(Exercise instructions)
From first line to last, output the records below exactly.

(Provided data)
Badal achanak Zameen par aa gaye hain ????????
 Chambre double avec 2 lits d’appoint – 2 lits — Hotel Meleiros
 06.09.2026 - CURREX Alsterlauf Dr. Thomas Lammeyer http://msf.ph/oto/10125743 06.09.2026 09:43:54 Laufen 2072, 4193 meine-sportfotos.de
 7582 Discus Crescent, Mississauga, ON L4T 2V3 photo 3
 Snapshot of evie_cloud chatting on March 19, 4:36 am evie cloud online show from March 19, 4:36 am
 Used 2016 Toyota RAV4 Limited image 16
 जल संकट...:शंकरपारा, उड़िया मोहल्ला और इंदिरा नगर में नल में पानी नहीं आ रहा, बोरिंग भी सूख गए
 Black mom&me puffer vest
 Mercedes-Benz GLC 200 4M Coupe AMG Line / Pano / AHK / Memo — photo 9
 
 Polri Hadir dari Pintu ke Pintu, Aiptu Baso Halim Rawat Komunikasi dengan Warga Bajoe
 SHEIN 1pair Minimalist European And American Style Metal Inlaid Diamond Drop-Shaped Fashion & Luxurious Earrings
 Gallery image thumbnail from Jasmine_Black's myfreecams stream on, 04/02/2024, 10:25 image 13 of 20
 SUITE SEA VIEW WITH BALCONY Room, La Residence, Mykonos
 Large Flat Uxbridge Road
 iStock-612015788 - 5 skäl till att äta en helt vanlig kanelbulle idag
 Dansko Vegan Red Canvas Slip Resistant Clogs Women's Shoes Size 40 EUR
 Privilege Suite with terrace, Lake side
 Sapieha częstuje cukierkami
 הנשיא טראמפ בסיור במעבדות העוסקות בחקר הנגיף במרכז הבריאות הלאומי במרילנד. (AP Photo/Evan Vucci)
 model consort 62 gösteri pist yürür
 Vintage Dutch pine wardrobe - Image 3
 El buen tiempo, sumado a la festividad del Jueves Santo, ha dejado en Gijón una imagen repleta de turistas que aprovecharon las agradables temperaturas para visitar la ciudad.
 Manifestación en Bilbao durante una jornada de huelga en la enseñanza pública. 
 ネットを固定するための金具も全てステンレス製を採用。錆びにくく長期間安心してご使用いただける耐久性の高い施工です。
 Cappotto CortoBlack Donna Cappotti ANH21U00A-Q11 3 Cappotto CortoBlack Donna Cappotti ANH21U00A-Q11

(Response for this exercise)
Badal achanak Zameen par aa gaye hain ????????
 Chambre double avec 2 lits d’appoint – 2 lits — Hotel Meleiros
 06.09.2026 - CURREX Alsterlauf Dr. Thomas Lammeyer http://msf.ph/oto/10125743 06.09.2026 09:43:54 Laufen 2072, 4193 meine-sportfotos.de
 7582 Discus Crescent, Mississauga, ON L4T 2V3 photo 3
 Snapshot of evie_cloud chatting on March 19, 4:36 am evie cloud online show from March 19, 4:36 am
 Used 2016 Toyota RAV4 Limited image 16
 जल संकट...:शंकरपारा, उड़िया मोहल्ला और इंदिरा नगर में नल में पानी नहीं आ रहा, बोरिंग भी सूख गए
 Black mom&me puffer vest
 Mercedes-Benz GLC 200 4M Coupe AMG Line / Pano / AHK / Memo — photo 9
 
 Polri Hadir dari Pintu ke Pintu, Aiptu Baso Halim Rawat Komunikasi dengan Warga Bajoe
 SHEIN 1pair Minimalist European And American Style Metal Inlaid Diamond Drop-Shaped Fashion & Luxurious Earrings
 Gallery image thumbnail from Jasmine_Black's myfreecams stream on, 04/02/2024, 10:25 image 13 of 20
 SUITE SEA VIEW WITH BALCONY Room, La Residence, Mykonos
 Large Flat Uxbridge Road
 iStock-612015788 - 5 skäl till att äta en helt vanlig kanelbulle idag
 Dansko Vegan Red Canvas Slip Resistant Clogs Women's Shoes Size 40 EUR
 Privilege Suite with terrace, Lake side
 Sapieha częstuje cukierkami
 הנשיא טראמפ בסיור במעבדות העוסקות בחקר הנגיף במרכז הבריאות הלאומי במרילנד. (AP Photo/Evan Vucci)
 model consort 62 gösteri pist yürür
 Vintage Dutch pine wardrobe - Image 3
 El buen tiempo, sumado a la festividad del Jueves Santo, ha dejado en Gijón una imagen repleta de turistas que aprovecharon las agradables temperaturas para visitar la ciudad.
 Manifestación en Bilbao durante una jornada de huelga en la enseñanza pública. 
 ネットを固定するための金具も全てステンレス製を採用。錆びにくく長期間安心してご使用いただける耐久性の高い施工です。
 Cappotto CortoBlack Donna Cappotti ANH21U00A-Q11 3 Cappotto CortoBlack Donna Cappotti ANH21U00A-Q11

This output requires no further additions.